Input for this task -
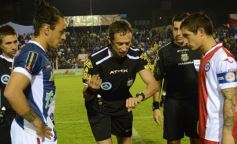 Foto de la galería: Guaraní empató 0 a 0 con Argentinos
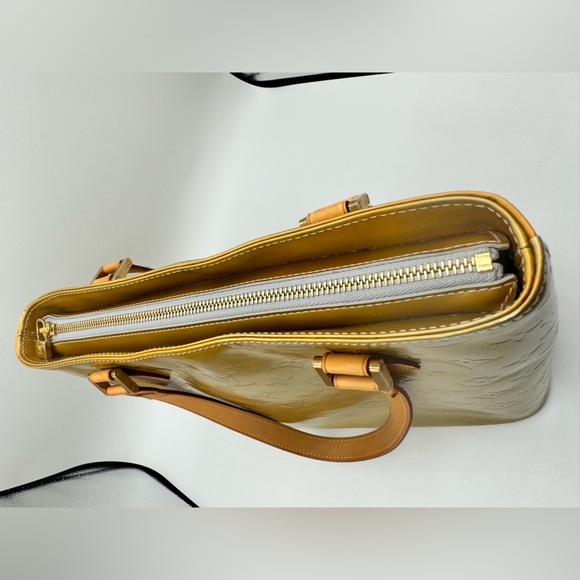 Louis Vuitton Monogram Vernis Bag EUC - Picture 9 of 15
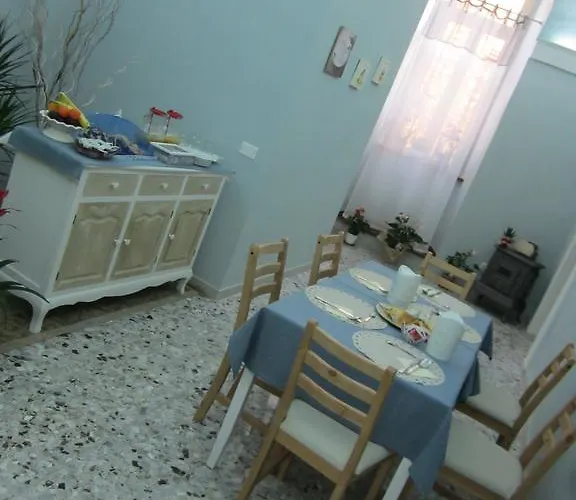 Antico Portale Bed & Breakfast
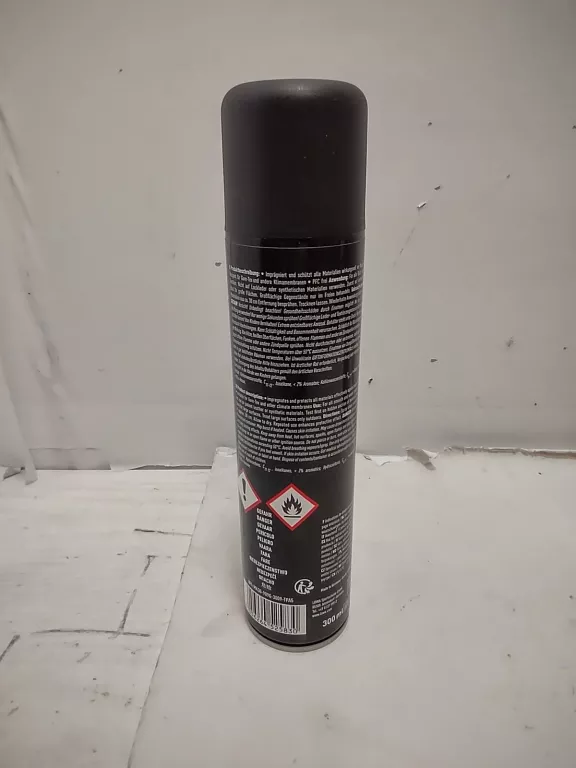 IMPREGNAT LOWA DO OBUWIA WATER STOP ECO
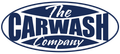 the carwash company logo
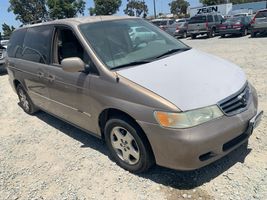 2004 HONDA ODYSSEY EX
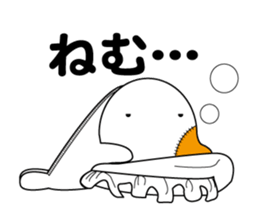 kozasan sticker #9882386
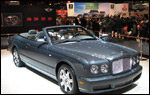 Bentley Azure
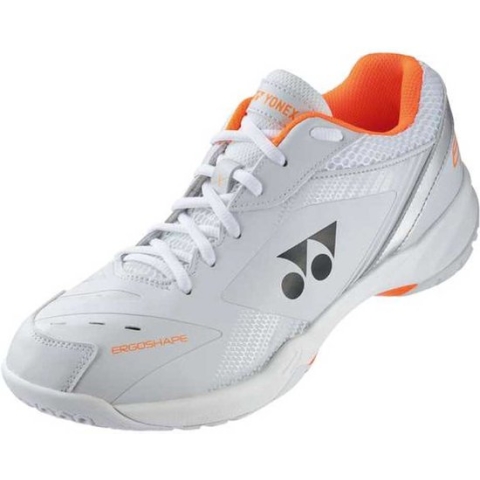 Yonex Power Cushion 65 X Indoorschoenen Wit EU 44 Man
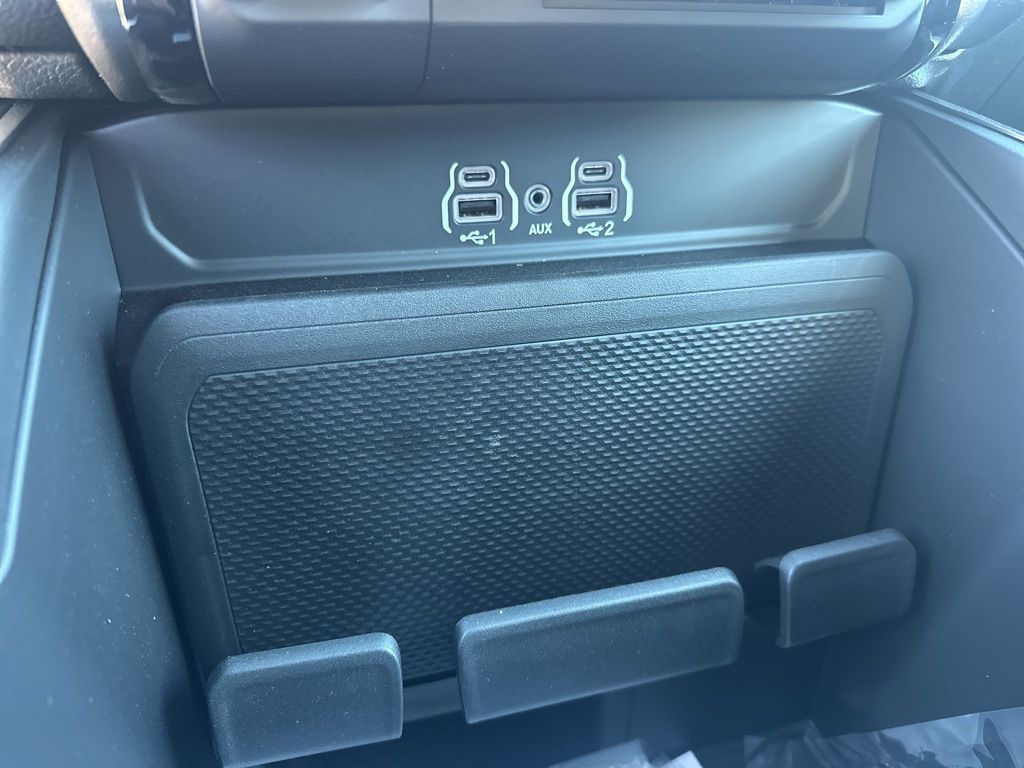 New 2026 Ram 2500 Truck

...

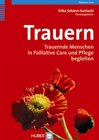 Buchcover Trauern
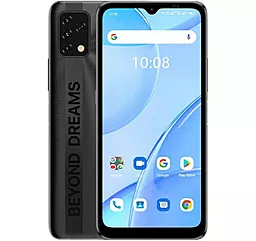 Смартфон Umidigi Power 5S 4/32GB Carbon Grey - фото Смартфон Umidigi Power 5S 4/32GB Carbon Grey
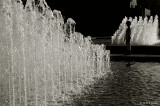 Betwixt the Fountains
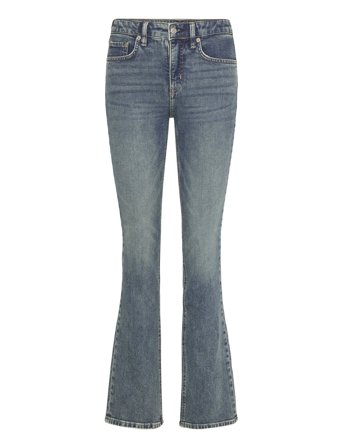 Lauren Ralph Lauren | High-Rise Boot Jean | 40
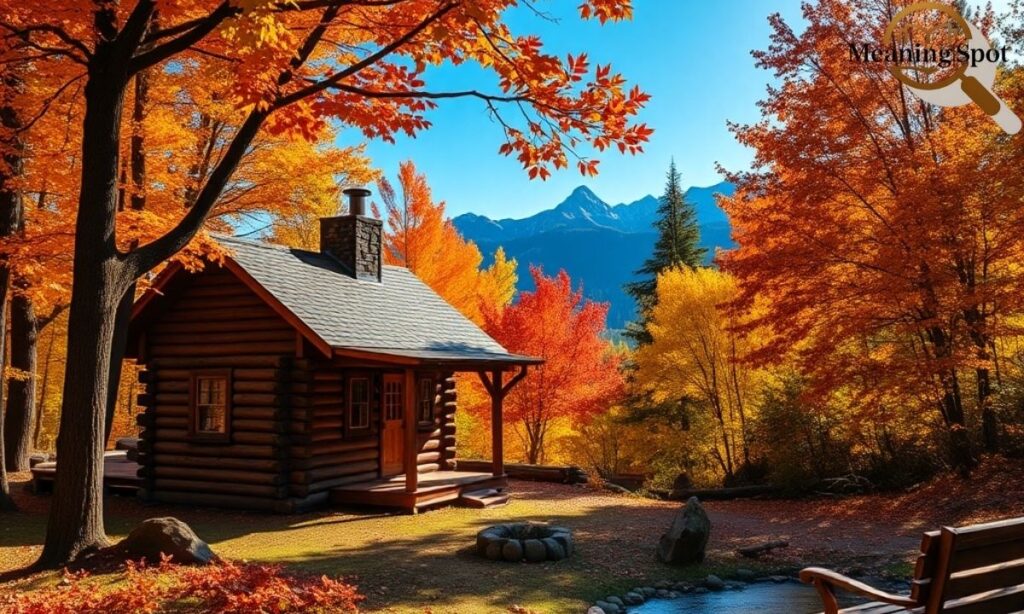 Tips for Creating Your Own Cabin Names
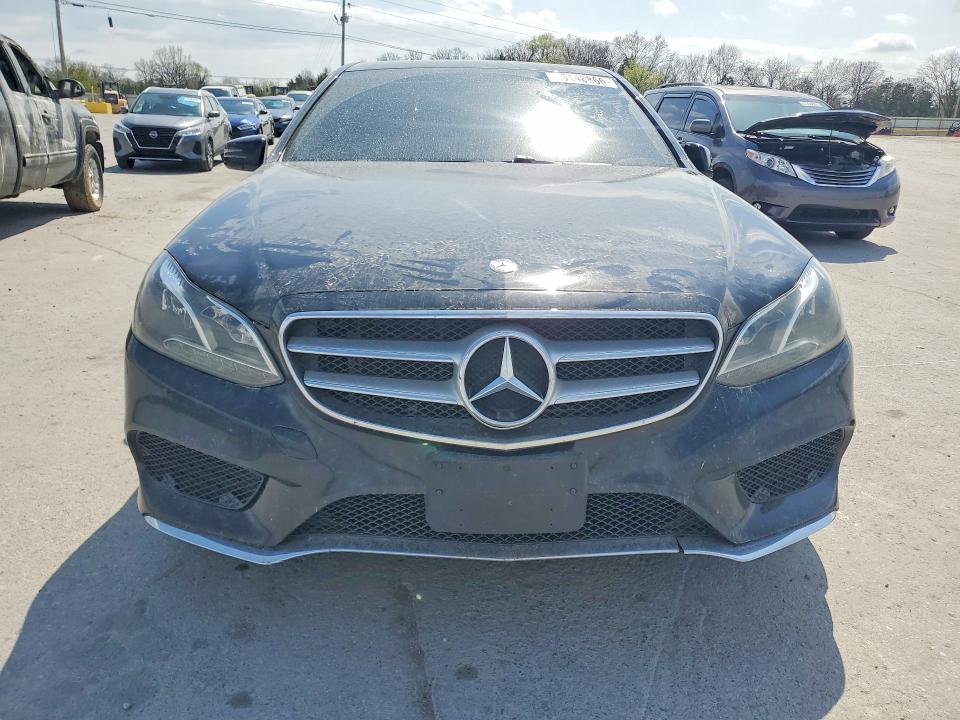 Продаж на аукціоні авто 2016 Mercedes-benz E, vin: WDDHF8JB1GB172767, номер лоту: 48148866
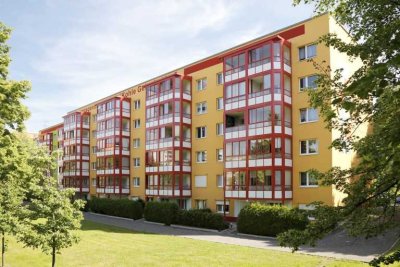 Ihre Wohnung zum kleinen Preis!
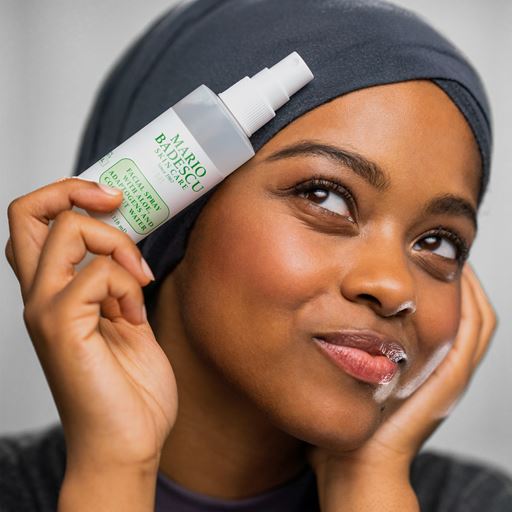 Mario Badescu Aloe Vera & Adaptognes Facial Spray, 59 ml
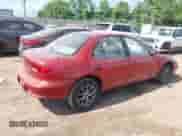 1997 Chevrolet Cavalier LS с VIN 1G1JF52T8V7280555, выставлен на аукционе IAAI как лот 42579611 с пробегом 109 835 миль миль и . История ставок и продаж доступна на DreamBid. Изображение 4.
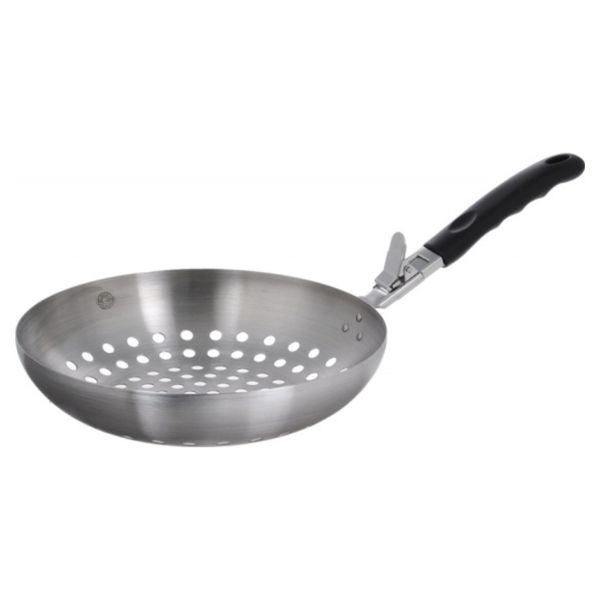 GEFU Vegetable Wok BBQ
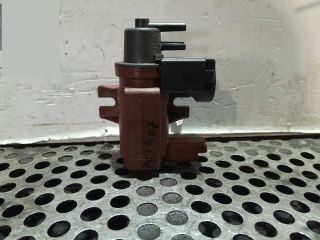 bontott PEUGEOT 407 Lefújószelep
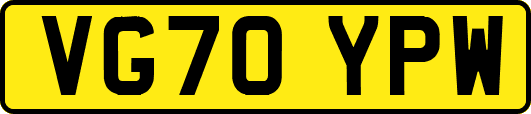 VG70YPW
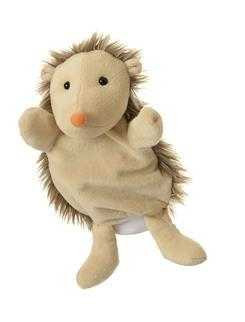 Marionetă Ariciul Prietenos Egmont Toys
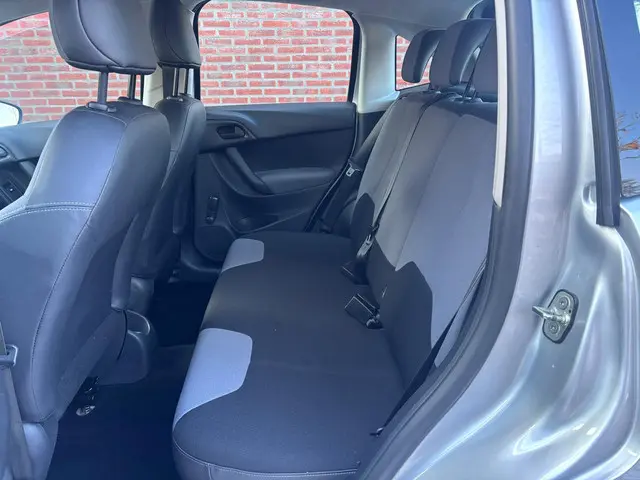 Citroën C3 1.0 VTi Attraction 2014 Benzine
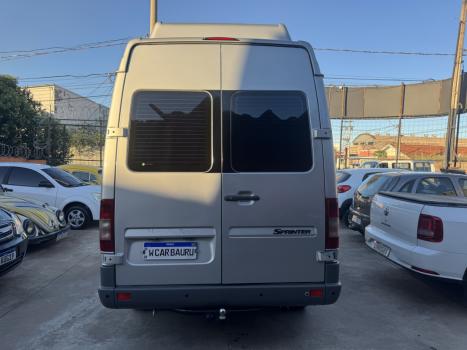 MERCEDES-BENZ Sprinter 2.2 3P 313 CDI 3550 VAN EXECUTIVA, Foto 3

Your goal -
With the pictures omitted, print the lines above exactly, beginning at the line with "Foto de la galería: Guaraní" and going on through the line with "New 2026 Ram 2500 Truck".

Response box -
 Foto de la galería: Guaraní empató 0 a 0 con Argentinos
 Louis Vuitton Monogram Vernis Bag EUC - Picture 9 of 15
 Antico Portale Bed & Breakfast
 IMPREGNAT LOWA DO OBUWIA WATER STOP ECO
 the carwash company logo
 2004 HONDA ODYSSEY EX
 kozasan sticker #9882386
 Bentley Azure
 Yonex Power Cushion 65 X Indoorschoenen Wit EU 44 Man
 New 2026 Ram 2500 Truck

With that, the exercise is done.